* **Work item**
Starting at the line containing "2025 Mercedes-Benz Sprinter 2500 2500" and ending at the line containing "welche farbe passt zu flieder outline 6", print every line of the material below exactly, both ends included, and stop there.

* **Record set**
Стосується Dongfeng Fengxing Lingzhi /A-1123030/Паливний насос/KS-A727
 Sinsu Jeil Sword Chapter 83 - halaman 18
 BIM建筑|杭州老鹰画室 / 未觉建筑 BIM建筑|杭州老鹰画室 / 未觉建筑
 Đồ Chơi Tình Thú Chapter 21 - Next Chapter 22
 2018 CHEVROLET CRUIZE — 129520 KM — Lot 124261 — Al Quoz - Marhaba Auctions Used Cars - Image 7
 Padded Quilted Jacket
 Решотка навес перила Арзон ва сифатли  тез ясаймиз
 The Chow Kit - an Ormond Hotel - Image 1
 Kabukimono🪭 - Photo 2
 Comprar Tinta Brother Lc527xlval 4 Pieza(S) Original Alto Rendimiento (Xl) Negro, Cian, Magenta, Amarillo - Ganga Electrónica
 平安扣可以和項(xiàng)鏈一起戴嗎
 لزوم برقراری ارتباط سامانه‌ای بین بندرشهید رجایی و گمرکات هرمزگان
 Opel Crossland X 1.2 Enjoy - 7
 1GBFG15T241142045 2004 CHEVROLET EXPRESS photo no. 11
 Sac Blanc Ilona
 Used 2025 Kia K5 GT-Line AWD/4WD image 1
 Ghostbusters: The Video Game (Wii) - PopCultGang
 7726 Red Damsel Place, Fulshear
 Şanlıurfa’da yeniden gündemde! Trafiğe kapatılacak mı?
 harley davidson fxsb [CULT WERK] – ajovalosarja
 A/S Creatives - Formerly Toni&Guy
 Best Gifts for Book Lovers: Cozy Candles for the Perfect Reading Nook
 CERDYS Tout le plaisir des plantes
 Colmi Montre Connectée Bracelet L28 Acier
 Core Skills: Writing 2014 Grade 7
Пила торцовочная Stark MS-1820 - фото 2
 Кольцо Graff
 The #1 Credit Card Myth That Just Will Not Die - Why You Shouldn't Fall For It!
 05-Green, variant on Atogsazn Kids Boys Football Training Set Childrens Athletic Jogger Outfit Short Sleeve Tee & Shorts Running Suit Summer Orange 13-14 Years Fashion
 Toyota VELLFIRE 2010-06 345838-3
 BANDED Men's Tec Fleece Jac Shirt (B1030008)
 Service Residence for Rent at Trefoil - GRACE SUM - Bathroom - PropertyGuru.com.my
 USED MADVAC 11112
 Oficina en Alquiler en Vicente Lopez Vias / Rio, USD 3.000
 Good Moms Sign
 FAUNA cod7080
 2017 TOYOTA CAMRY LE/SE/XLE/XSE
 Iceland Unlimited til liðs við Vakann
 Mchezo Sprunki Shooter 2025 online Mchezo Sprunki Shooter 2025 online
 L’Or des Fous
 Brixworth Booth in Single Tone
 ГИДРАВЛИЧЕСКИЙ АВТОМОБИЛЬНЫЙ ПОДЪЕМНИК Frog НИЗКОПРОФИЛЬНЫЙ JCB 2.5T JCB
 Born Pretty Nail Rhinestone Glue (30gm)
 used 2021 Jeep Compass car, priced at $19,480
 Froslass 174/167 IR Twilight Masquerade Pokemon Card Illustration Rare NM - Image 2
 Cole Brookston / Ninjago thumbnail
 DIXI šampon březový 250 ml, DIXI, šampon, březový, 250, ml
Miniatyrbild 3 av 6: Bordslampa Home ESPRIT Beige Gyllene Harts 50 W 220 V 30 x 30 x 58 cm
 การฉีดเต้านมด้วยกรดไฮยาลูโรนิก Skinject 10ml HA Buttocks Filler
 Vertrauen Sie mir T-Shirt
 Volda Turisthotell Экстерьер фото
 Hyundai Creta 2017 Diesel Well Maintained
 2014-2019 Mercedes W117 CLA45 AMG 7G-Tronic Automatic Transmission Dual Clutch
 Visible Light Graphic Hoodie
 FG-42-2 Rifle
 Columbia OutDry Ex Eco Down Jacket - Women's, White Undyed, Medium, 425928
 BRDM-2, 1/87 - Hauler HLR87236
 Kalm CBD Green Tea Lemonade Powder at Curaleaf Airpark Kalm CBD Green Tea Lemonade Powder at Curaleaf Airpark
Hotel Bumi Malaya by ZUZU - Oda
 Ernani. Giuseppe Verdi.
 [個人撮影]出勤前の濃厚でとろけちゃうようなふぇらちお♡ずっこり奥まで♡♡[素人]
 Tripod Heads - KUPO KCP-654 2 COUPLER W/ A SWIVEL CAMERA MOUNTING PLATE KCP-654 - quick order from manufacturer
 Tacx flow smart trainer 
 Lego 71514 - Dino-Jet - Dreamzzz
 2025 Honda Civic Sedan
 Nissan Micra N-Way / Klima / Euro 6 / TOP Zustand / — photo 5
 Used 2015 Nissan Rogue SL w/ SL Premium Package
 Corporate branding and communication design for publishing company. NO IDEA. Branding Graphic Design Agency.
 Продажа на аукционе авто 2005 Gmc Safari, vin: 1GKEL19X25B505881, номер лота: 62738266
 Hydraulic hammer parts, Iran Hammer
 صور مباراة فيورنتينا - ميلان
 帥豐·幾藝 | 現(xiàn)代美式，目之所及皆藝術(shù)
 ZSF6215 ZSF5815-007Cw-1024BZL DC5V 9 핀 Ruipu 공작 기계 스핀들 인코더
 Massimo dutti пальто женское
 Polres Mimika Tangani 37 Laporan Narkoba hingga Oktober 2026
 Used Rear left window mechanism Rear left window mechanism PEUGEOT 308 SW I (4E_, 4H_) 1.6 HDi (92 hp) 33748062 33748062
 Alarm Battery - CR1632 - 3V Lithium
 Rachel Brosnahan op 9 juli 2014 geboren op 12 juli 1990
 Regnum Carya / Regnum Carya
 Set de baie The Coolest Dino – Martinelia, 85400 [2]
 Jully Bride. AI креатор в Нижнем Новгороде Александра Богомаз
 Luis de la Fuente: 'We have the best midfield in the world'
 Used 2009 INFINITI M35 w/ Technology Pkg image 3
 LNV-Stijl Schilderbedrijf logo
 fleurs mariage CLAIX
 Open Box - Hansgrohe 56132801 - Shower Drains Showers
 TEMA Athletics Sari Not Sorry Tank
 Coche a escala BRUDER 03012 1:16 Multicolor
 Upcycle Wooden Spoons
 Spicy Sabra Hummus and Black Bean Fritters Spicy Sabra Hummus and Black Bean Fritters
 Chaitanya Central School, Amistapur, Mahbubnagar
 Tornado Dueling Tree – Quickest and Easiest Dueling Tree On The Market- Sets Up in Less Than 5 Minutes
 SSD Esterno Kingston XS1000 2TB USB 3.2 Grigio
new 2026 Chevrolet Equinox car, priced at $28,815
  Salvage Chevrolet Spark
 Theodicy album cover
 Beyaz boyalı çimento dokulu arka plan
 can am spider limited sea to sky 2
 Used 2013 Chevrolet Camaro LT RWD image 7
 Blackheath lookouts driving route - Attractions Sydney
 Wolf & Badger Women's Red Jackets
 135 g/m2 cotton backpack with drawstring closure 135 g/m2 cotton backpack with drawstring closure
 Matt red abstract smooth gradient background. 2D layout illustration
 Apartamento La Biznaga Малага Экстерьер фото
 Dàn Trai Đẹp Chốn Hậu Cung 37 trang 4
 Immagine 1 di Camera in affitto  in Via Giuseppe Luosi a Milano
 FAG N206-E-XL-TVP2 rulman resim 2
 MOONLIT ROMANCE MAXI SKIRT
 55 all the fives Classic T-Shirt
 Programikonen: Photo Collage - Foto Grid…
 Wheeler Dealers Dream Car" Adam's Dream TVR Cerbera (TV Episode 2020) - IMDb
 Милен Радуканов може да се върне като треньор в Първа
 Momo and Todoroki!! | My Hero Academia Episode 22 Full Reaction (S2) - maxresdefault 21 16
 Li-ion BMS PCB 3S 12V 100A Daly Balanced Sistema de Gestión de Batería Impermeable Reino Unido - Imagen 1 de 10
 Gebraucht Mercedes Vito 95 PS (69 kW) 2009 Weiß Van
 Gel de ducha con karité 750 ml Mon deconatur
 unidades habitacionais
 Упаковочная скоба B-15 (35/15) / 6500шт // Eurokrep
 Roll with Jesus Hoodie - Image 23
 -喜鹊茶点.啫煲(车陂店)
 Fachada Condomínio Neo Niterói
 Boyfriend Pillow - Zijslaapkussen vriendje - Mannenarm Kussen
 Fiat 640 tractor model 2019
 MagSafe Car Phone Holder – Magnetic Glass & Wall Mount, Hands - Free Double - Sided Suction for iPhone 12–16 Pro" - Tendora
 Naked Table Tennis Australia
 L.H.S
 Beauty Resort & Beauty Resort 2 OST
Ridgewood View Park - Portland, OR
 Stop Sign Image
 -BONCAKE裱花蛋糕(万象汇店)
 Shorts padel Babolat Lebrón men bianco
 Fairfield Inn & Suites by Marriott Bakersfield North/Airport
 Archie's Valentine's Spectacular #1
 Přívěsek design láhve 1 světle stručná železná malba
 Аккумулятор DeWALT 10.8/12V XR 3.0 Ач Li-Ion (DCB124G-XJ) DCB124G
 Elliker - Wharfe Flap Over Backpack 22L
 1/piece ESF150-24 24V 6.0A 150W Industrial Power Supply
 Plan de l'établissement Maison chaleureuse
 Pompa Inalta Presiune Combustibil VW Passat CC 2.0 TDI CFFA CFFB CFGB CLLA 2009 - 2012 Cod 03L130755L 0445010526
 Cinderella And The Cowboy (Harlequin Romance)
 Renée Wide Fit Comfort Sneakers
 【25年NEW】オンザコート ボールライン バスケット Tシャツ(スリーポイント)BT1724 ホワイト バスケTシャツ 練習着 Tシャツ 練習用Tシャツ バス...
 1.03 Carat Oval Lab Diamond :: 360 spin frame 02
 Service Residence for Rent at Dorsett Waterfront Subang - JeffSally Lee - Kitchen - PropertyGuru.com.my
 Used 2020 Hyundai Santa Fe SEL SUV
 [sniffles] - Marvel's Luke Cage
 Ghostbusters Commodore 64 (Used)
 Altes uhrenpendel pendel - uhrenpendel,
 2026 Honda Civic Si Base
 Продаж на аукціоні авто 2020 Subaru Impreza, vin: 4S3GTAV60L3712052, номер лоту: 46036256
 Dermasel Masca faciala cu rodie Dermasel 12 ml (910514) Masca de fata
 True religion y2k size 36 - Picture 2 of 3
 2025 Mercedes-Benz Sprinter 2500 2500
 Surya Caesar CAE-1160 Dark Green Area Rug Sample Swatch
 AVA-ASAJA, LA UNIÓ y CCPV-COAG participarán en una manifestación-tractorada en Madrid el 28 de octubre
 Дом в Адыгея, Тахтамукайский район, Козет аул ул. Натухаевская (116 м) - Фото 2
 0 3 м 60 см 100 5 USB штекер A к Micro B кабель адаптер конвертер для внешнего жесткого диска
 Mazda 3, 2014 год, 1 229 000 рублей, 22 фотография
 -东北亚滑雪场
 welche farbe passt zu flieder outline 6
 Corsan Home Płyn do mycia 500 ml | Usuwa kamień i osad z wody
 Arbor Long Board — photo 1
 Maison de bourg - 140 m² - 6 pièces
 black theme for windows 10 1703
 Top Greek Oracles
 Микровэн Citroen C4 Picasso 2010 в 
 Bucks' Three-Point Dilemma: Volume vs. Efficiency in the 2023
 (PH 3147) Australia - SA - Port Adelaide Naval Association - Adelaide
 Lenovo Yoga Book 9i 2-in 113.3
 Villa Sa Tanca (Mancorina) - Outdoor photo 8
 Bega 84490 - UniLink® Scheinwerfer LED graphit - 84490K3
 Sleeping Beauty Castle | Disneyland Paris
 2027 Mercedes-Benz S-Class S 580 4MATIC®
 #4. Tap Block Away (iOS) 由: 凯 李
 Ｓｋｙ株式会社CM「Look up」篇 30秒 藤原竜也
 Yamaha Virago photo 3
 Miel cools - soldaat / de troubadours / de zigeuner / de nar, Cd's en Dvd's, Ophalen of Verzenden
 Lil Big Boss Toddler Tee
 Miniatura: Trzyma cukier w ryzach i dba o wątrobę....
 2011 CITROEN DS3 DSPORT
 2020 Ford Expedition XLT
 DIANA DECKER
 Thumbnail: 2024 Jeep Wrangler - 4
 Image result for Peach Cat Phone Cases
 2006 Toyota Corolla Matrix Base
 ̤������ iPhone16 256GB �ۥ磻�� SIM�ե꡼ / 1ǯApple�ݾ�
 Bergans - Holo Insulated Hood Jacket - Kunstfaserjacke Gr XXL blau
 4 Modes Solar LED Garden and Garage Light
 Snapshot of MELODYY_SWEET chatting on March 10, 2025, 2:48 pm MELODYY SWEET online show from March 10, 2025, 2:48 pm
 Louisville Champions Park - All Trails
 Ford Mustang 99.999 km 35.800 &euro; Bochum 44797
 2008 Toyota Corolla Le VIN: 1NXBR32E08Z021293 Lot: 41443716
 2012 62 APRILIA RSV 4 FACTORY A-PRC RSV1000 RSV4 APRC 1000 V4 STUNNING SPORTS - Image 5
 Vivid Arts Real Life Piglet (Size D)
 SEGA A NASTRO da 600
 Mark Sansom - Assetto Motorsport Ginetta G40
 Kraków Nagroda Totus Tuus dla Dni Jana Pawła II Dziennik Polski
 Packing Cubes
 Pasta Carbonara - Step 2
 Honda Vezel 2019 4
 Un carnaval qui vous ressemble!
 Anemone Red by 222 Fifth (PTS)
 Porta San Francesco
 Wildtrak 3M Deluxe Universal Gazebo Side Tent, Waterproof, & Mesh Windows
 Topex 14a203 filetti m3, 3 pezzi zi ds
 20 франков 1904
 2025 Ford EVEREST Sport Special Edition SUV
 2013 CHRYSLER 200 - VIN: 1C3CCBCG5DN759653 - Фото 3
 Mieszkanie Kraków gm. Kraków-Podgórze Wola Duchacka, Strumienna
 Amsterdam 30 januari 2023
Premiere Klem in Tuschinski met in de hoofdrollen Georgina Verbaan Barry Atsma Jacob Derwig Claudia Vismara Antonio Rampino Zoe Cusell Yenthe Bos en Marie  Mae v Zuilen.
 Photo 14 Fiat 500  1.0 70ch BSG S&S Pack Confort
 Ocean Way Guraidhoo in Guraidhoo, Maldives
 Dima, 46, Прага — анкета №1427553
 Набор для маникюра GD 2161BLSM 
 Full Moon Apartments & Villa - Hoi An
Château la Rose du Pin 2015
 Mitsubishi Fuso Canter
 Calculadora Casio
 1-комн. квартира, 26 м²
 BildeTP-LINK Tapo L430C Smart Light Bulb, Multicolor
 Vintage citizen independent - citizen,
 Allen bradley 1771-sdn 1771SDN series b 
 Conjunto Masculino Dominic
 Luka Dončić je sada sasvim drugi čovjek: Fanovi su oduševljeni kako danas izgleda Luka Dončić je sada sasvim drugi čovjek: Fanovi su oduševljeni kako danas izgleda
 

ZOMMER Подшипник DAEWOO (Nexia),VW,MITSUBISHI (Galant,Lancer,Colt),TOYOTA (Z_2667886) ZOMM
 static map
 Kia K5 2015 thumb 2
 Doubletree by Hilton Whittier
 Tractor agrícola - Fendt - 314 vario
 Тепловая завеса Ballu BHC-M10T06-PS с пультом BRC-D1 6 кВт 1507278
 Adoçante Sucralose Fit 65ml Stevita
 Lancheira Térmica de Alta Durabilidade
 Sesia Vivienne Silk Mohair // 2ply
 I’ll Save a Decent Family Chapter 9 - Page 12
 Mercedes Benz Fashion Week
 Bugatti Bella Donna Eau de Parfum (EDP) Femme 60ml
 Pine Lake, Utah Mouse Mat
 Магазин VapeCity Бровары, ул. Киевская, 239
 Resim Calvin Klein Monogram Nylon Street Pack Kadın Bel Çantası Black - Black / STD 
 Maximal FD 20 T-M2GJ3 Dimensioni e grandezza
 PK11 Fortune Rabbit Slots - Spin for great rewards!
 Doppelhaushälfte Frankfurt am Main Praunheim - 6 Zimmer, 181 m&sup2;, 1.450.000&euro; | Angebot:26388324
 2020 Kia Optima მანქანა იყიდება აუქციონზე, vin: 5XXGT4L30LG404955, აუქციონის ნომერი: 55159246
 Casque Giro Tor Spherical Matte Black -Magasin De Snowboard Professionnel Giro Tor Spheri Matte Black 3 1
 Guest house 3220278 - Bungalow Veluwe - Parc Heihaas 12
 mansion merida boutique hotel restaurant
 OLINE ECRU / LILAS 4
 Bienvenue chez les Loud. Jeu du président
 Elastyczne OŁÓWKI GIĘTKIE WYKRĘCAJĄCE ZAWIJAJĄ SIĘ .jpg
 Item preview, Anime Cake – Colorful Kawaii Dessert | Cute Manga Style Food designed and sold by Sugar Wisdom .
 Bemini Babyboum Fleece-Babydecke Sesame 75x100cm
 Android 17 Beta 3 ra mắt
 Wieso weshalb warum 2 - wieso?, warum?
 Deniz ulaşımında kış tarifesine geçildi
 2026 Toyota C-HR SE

* **Answer to this problem**
 2025 Mercedes-Benz Sprinter 2500 2500
 Surya Caesar CAE-1160 Dark Green Area Rug Sample Swatch
 AVA-ASAJA, LA UNIÓ y CCPV-COAG participarán en una manifestación-tractorada en Madrid el 28 de octubre
 Дом в Адыгея, Тахтамукайский район, Козет аул ул. Натухаевская (116 м) - Фото 2
 0 3 м 60 см 100 5 USB штекер A к Micro B кабель адаптер конвертер для внешнего жесткого диска
 Mazda 3, 2014 год, 1 229 000 рублей, 22 фотография
 -东北亚滑雪场
 welche farbe passt zu flieder outline 6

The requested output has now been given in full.